Then on Thursday a tweet appeared: “Chinese Chess Association will start a series of qualifying tournaments at end of this month for the 19th Asian Games. All top players are required to play, including Ding Liren [plus seven named others] …” The Games are to be held in Hangzhou, China, in September.
This announcement may be coincidental with Ding’s Madrid problem. The Asian Games has only included chess twice previously, in 2006 and 2010, so China, the current open and women’s Olympiad champions, will expect to succeed on home ground with its strongest team and will also be conscious of the growing threat from India’s teenage stars.

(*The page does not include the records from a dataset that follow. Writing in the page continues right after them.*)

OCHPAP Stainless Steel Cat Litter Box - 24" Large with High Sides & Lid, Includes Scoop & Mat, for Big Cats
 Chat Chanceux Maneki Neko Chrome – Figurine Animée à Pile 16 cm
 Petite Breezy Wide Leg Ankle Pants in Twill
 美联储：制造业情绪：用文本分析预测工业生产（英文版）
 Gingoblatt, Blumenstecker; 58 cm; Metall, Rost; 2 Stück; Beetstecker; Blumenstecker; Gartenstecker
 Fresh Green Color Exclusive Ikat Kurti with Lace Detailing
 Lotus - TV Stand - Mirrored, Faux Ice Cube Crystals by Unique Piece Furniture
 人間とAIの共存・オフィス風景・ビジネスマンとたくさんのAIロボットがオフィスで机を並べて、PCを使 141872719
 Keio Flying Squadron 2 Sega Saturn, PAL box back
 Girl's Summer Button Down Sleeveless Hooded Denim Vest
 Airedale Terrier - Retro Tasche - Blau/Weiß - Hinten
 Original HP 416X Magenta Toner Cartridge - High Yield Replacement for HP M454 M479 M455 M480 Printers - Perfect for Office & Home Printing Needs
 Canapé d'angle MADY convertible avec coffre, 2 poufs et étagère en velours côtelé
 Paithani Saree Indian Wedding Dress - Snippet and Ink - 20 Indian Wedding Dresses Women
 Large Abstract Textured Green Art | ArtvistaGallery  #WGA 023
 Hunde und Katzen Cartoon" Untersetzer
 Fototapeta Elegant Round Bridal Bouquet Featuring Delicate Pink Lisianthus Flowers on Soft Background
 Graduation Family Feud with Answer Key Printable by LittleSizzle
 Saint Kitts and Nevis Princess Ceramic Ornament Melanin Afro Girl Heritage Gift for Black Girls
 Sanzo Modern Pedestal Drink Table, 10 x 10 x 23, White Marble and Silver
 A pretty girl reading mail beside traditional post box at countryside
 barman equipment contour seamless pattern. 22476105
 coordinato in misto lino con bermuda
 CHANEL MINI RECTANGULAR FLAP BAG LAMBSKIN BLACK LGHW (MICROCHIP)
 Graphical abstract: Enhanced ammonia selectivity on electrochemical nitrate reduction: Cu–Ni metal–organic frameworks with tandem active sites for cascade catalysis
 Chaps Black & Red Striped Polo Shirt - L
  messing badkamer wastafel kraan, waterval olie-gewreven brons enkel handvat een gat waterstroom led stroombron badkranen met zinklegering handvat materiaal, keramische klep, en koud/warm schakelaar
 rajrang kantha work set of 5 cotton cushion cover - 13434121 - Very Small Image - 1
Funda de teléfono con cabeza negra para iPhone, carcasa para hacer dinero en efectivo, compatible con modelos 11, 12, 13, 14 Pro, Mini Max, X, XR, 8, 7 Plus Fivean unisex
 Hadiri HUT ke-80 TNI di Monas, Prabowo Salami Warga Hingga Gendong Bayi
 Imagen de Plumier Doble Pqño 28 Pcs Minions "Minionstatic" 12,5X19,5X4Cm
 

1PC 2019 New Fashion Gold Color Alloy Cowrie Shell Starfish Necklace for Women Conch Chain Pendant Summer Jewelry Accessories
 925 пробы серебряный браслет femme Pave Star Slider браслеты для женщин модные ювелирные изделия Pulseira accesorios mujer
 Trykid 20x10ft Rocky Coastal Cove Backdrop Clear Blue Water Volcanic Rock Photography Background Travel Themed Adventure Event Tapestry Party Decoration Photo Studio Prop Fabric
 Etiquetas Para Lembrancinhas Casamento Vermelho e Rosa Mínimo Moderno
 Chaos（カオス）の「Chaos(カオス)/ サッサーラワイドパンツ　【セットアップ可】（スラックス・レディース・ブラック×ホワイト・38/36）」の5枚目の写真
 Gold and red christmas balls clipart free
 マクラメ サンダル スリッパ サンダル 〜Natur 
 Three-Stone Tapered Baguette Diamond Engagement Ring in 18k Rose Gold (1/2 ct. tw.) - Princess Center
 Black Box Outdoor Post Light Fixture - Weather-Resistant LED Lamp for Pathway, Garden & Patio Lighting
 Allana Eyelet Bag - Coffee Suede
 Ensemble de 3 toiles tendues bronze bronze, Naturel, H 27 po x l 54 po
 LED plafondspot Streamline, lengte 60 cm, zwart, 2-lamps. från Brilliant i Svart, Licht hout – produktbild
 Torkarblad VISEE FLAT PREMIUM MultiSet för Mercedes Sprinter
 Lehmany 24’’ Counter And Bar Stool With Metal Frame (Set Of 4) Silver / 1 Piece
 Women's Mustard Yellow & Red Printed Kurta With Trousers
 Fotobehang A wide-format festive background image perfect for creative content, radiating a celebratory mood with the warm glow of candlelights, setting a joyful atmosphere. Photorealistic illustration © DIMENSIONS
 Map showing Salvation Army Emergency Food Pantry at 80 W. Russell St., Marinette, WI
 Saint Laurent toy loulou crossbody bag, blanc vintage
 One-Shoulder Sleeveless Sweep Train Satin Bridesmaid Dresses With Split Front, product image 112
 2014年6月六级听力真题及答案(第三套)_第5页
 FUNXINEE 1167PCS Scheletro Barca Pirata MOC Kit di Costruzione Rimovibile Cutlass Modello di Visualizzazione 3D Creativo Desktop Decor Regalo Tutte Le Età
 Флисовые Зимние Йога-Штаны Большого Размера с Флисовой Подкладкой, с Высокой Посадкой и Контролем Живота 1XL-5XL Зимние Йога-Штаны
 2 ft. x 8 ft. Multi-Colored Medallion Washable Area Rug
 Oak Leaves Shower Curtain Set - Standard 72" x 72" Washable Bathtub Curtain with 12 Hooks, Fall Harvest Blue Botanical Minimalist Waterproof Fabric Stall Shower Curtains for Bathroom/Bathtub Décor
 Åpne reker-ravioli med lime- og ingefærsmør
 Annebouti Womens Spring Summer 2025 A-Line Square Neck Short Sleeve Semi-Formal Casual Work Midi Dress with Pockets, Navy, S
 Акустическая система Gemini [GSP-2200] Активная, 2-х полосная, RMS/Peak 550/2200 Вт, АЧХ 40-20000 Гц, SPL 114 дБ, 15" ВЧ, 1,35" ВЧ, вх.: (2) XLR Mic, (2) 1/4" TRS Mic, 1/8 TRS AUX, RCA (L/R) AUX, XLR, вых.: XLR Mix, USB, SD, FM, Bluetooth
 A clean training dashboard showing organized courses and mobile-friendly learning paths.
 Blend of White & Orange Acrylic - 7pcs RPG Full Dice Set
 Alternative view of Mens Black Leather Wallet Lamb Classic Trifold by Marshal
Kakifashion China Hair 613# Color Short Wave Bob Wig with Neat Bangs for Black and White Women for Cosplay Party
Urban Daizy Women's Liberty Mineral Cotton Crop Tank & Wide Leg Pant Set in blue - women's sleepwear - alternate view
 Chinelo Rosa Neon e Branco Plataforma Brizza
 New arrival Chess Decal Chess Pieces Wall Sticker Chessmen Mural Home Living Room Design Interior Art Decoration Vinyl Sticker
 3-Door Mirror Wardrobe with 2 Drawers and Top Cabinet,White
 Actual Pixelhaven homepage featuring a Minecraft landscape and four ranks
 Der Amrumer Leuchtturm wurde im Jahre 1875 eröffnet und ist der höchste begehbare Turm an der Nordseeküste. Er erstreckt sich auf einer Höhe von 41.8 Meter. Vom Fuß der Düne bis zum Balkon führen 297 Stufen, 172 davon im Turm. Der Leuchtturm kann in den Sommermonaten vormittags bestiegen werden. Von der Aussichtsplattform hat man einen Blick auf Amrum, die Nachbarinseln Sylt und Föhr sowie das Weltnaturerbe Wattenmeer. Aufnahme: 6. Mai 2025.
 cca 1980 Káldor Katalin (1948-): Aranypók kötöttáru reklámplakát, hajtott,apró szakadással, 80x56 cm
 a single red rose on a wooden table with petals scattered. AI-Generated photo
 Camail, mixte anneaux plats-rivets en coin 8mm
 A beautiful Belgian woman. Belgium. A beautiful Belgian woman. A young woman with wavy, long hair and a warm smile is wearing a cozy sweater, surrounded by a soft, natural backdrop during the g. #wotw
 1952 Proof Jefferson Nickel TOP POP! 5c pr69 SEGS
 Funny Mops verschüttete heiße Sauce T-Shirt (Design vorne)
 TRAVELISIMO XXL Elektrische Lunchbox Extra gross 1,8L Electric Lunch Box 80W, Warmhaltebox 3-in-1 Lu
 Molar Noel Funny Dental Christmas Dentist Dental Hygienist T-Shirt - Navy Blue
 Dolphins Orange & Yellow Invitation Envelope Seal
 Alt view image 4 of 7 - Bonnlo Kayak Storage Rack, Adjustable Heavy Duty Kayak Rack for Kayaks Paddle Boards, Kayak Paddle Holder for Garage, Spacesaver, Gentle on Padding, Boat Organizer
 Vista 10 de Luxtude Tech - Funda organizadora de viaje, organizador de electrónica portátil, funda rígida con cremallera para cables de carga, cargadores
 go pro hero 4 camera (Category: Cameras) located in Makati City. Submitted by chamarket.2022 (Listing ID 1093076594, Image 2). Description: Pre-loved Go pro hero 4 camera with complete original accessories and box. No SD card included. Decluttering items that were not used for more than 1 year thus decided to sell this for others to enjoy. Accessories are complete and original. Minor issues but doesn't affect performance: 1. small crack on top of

Even if next month’s official Games qualifier has many fewer than the required 26 games, there is the option for Ding to arrange other Fide-rated matches there against conveniently available opponents. It would be a tiring schedule and Ding may lose some Fide points, but he has a useful cushion against any accidents that could risk others overtaking him.
The current live ratings show Ding on 2799 Fide points. He is 11 ahead of Levon Aronian and 23 ahead of Richard Rapport, the current favourites to qualify. He is 24 ahead of Wesley So of the US, who has an outside chance in Berlin.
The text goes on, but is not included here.